## Record extracts
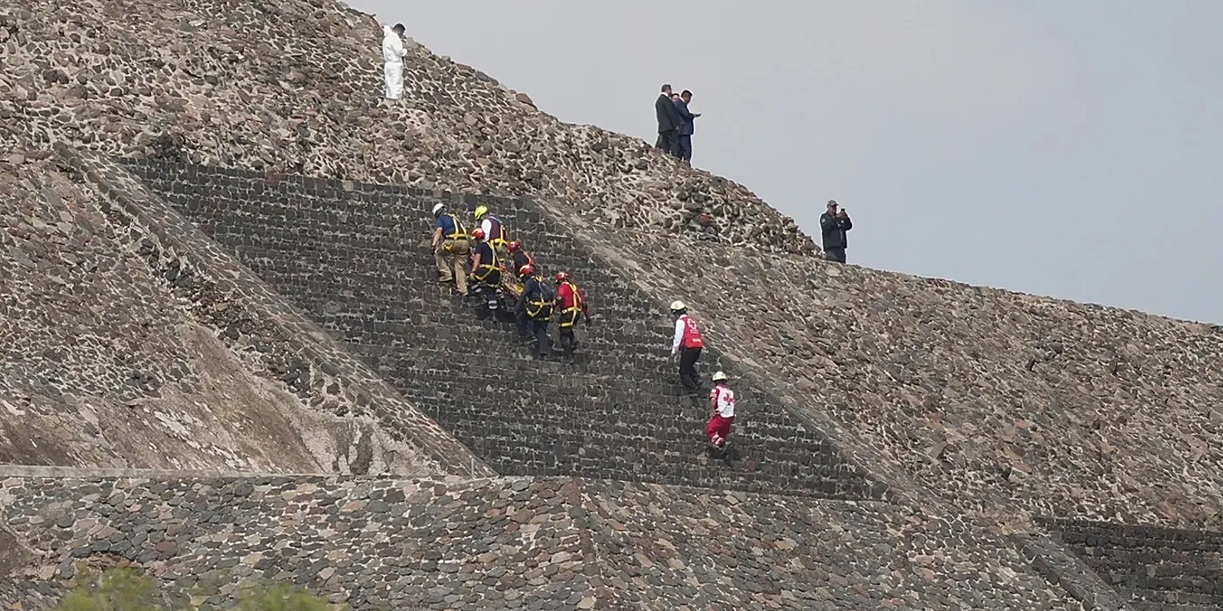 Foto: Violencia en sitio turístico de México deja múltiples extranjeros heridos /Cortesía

...

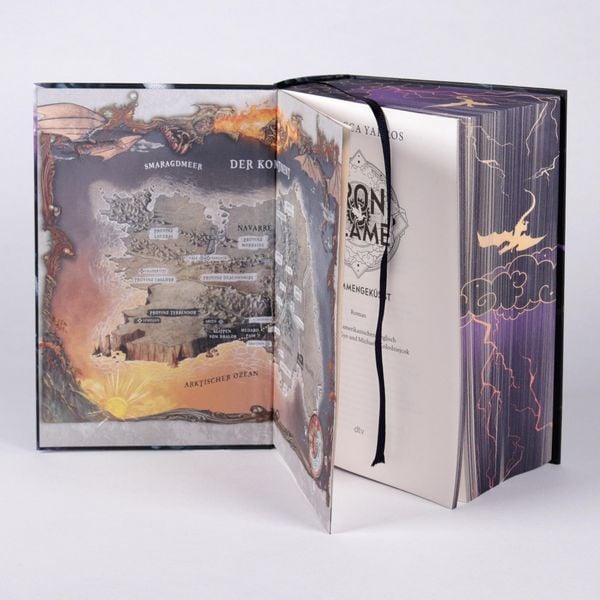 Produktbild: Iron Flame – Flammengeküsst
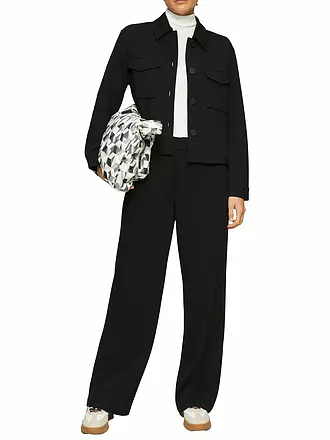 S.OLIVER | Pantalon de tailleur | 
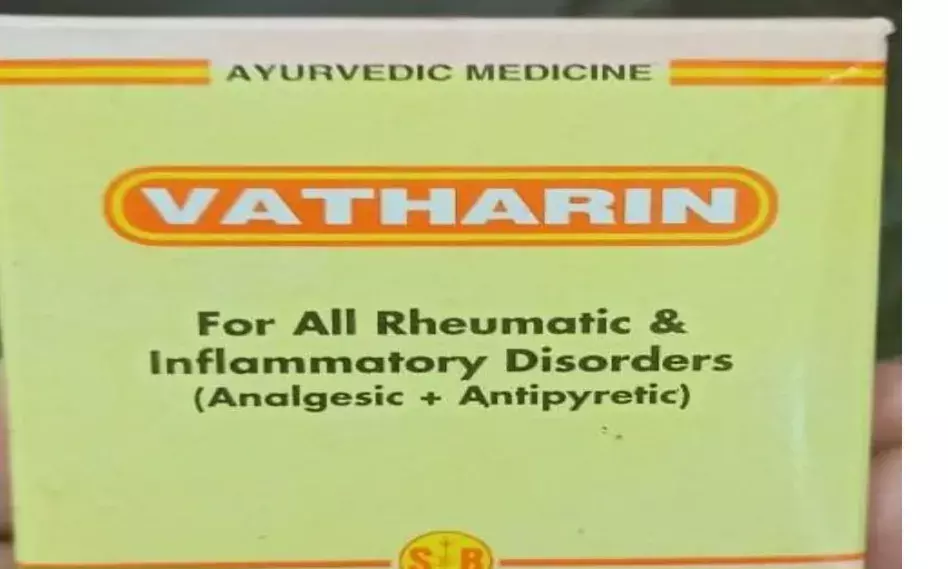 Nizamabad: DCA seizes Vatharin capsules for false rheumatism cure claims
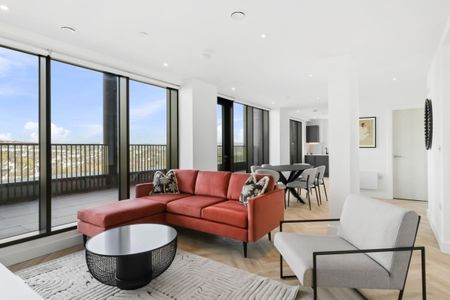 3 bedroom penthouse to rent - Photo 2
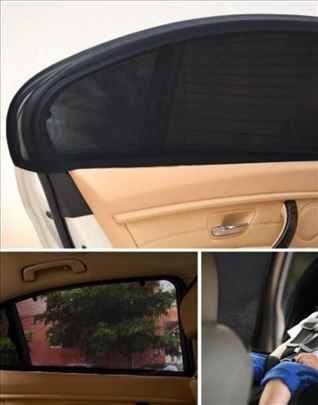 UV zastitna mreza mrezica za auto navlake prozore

## Action item
Pictures do not belong in the answer. Return the lines above starting at the one with "3 bedroom penthouse to rent - Photo 2" and ending at the one with "UV zastitna mreza", both kept, exactly.

## Output below
 3 bedroom penthouse to rent - Photo 2
 UV zastitna mreza mrezica za auto navlake prozore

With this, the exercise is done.